Overriding the session timer
By default, your sessions (REST API, puppeteer.connect and webdriver) are governed by a timeout. This is set via your account page for the hosted service, or by specifying CONNECTION_TIMEOUT
in the docker run
command. You can, on a per-job basis, override this.
For puppeteer.connect
and REST API's, simply specify a ?timeout
query-string parameter, with the value being the time in milliseconds for the session to execute:
# REST API (10-second limit):
https://chrome.browserless.io?token=YOUR-API-TOKEN&timeout=10000
# puppeteer.connect URL (10-second limit):
wss://chrome.browserless.io?token=YOUR-API-TOKEN&timeout=10000
For webdriver, you must add an additional capability:
const webdriver = require('selenium-webdriver');
const chromeCapabilities = webdriver.Capabilities.chrome();
// Set the session to a 10-second limit
chromeCapabilities.set('browserless.timeout', 10000);
For other runtimes and selenium libraries be sure to consult your libraries documentation, or contact us
Other parameters
By default browserless looks for query-string parameters beginning with --
and passes them to Chrome upon boot. This means that most flags are supported even if they aren't documented. You can also see how we parse parameters by reading through our code here.

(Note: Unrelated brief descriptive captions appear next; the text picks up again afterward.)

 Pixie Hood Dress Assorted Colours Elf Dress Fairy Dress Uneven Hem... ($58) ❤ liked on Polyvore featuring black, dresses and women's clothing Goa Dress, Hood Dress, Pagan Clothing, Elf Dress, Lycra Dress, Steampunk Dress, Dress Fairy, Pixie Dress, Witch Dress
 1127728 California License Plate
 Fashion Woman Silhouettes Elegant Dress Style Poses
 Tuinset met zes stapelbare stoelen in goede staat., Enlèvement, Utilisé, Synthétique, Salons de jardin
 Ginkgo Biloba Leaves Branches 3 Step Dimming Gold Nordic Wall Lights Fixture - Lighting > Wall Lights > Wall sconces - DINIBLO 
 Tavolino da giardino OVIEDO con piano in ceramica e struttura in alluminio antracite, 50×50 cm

At this time, only certain flags and query-parameters are allowed for usage-based accounts and cloud unit-based, and are listed below:
- --proxy-server,
- --window-size,
- --disable-web-security,
- --enable-features,
- --disable-web-security,
- --disable-setuid-sandbox,
- --lang,
- --font-render-hinting,
- --force-color-profile,
- stealth,
- ignoreDefaultArgs,
- headless,
- token,
- blockAds,
- ignoreHTTPSErrors,
- slowMo,